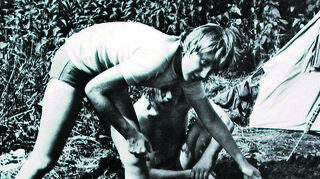 <p>Unser Bild zeigt Angela Kasner (später Merkel) im Juli 1973 mit 19 Jahren. Nach dem Abitur verbringt sie mit Freunden einen Campingurlaub im brandenburgischen Himmelpfort (damals DDR).</p>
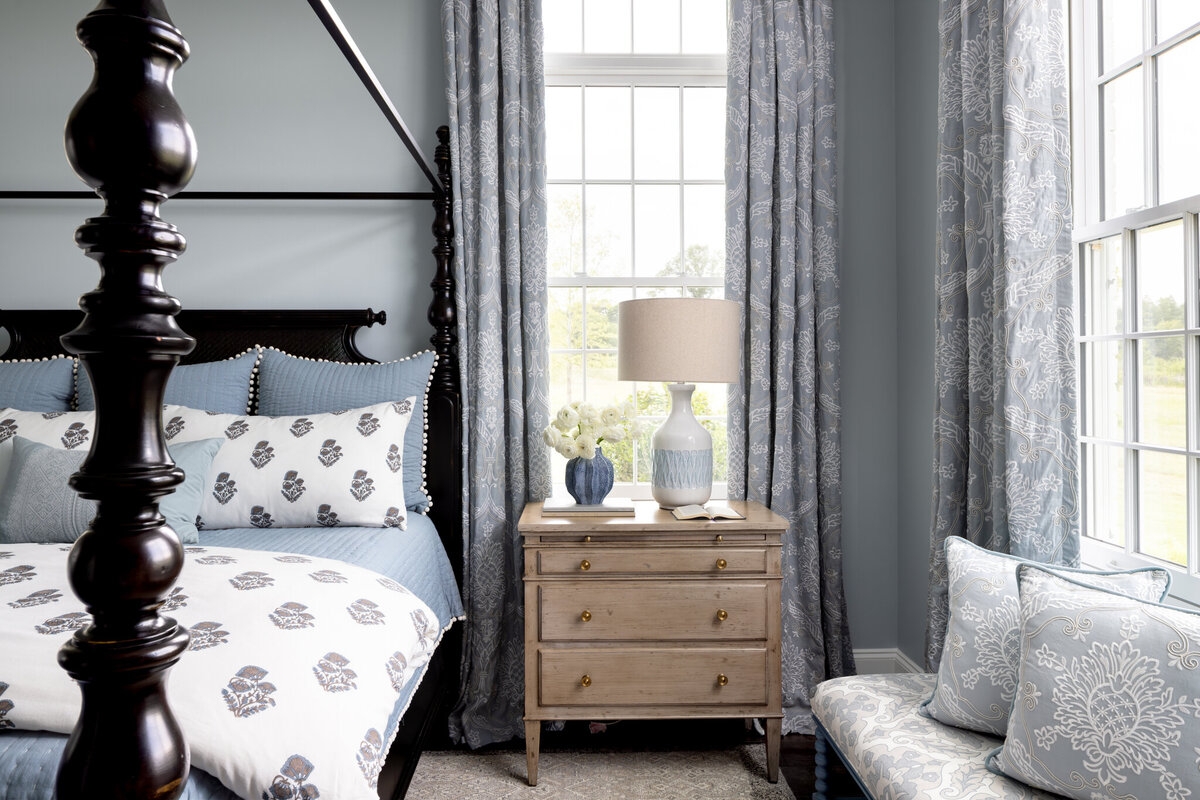 Primary_bedroom_with_cozy_linens_and_welcoming_touches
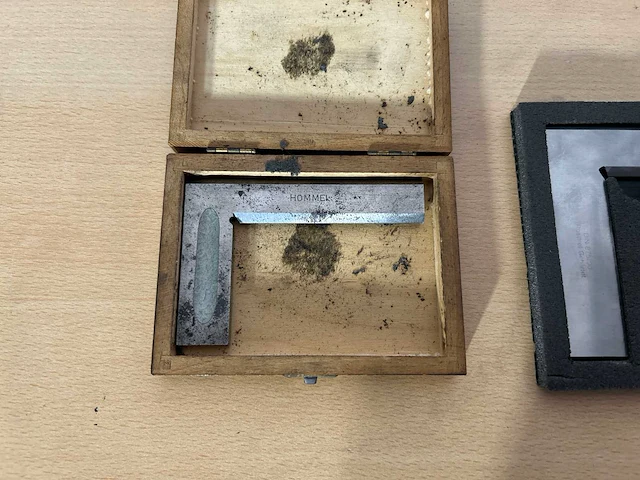 Hommel en wezu winkelhaak (2x) - afbeelding 1 van  2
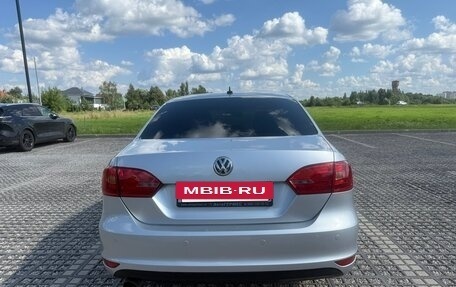 Volkswagen Jetta VI, 2014 год, 1 050 000 рублей, 2 фотография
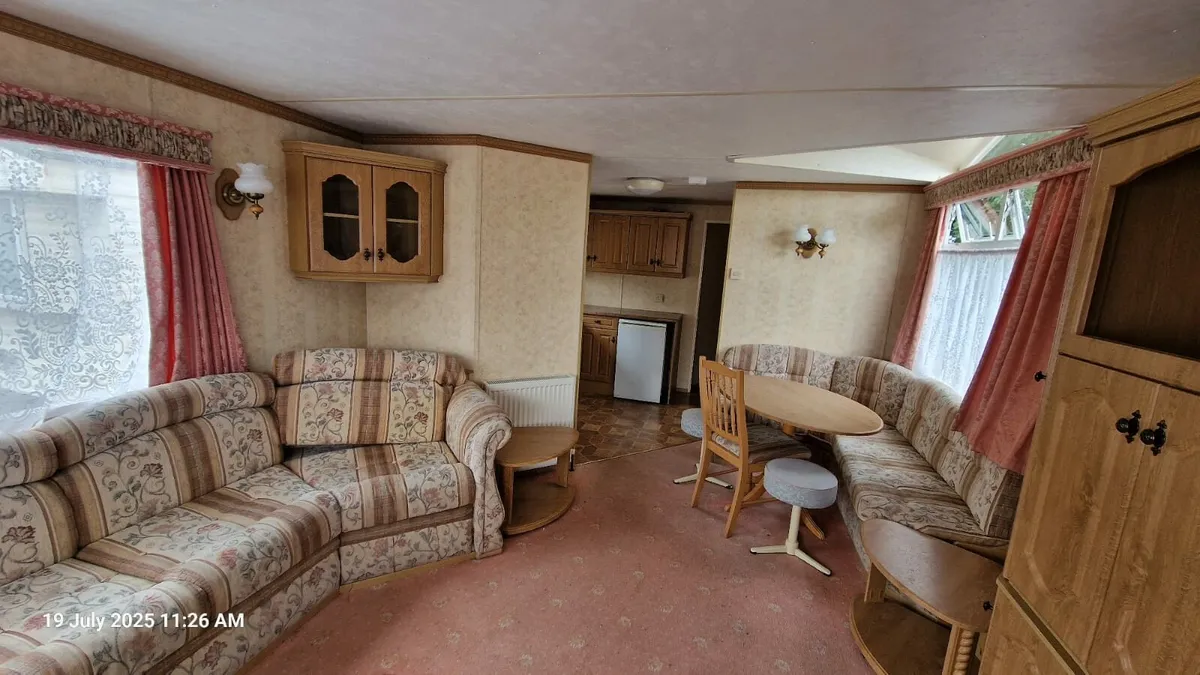 Mobile Home  37ft x 12ft - Image 3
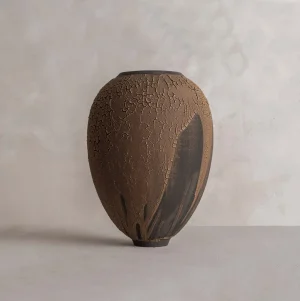 vase-galuchat-kiwi-ceramic-artwork-made-in-france-unique-piece-dark-brown-nuanced-glaze handcrafted ceramic vase, shows a raw Galuchat texture, earthy brown tones, a unique French artisan piece, combining hand-thrown pottery traditions with contemporary ceramic art, luxury gift, handmade in Paris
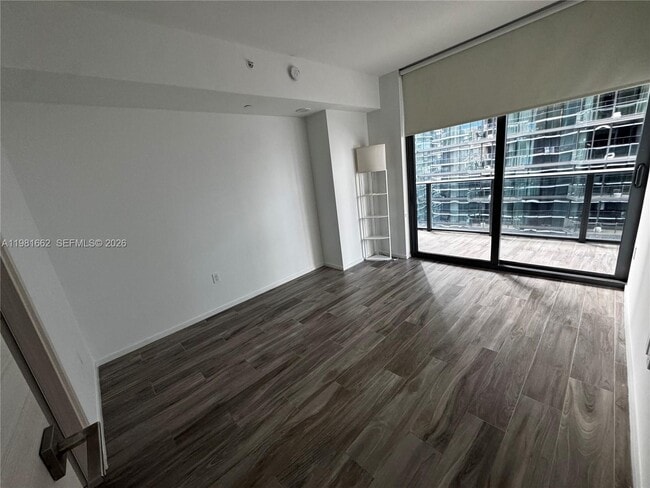 Building Photo - 801 S Miami Ave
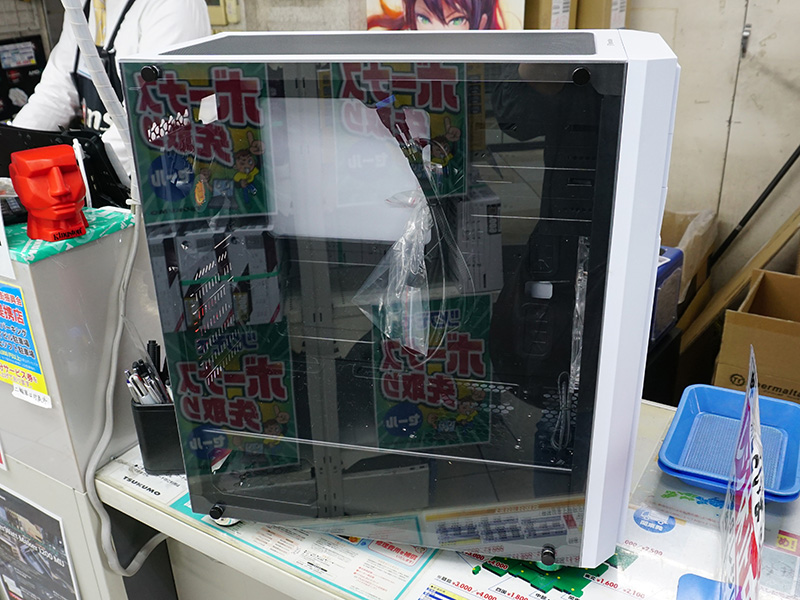 左サイドパネルはアクリル製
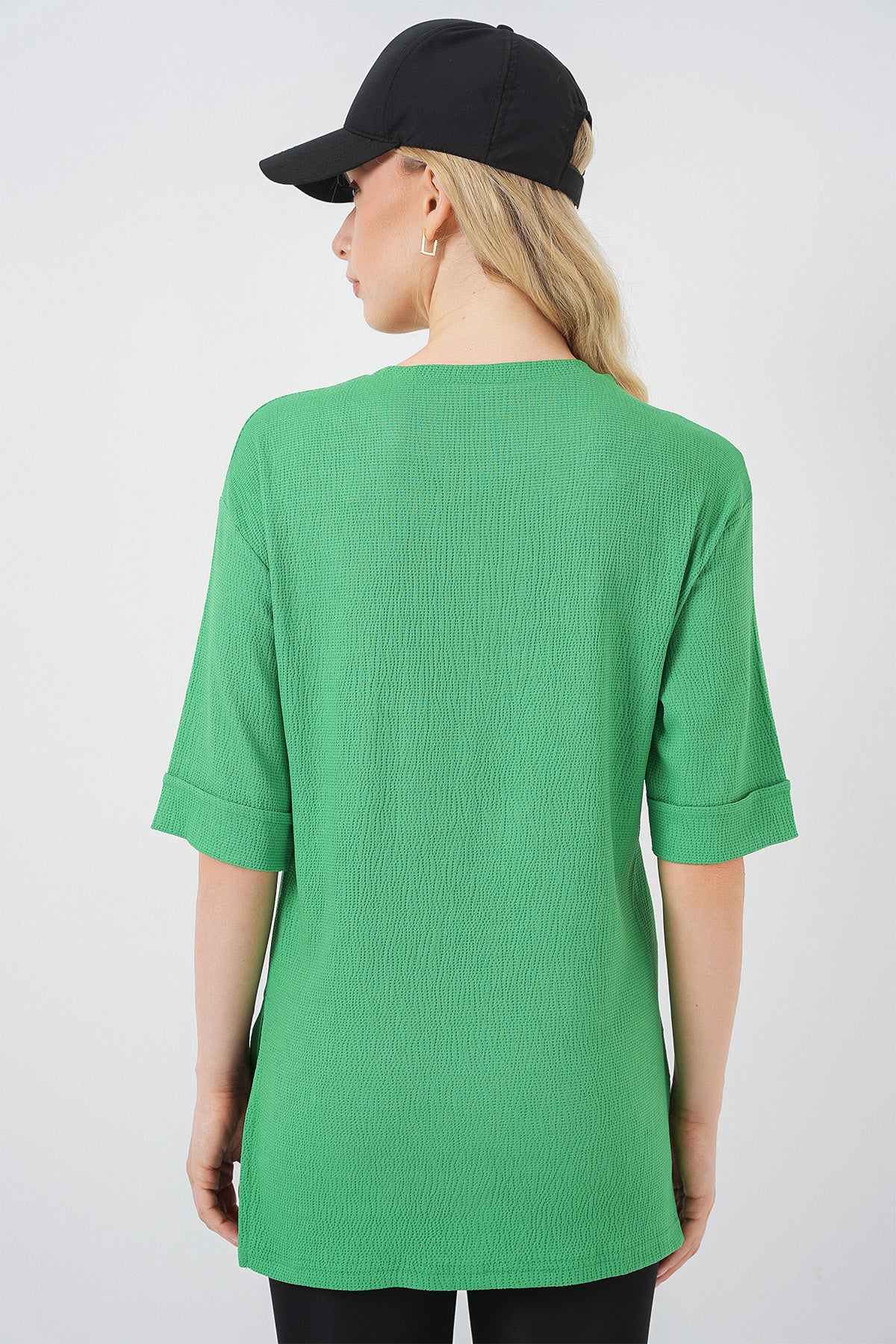 4332 Yanı Yırtmaçlı Örme Tişört - Yeşil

==========

(INSTRUCTIONS FOR THE TASK) Could you retype all the entries exactly, skipping the pictures?

(OUTPUT BELOW)
 <p>Unser Bild zeigt Angela Kasner (später Merkel) im Juli 1973 mit 19 Jahren. Nach dem Abitur verbringt sie mit Freunden einen Campingurlaub im brandenburgischen Himmelpfort (damals DDR).</p>
 Primary_bedroom_with_cozy_linens_and_welcoming_touches
 Hommel en wezu winkelhaak (2x) - afbeelding 1 van  2
 Volkswagen Jetta VI, 2014 год, 1 050 000 рублей, 2 фотография
 Mobile Home  37ft x 12ft - Image 3
 vase-galuchat-kiwi-ceramic-artwork-made-in-france-unique-piece-dark-brown-nuanced-glaze handcrafted ceramic vase, shows a raw Galuchat texture, earthy brown tones, a unique French artisan piece, combining hand-thrown pottery traditions with contemporary ceramic art, luxury gift, handmade in Paris
 Building Photo - 801 S Miami Ave
 左サイドパネルはアクリル製
 4332 Yanı Yırtmaçlı Örme Tişört - Yeşil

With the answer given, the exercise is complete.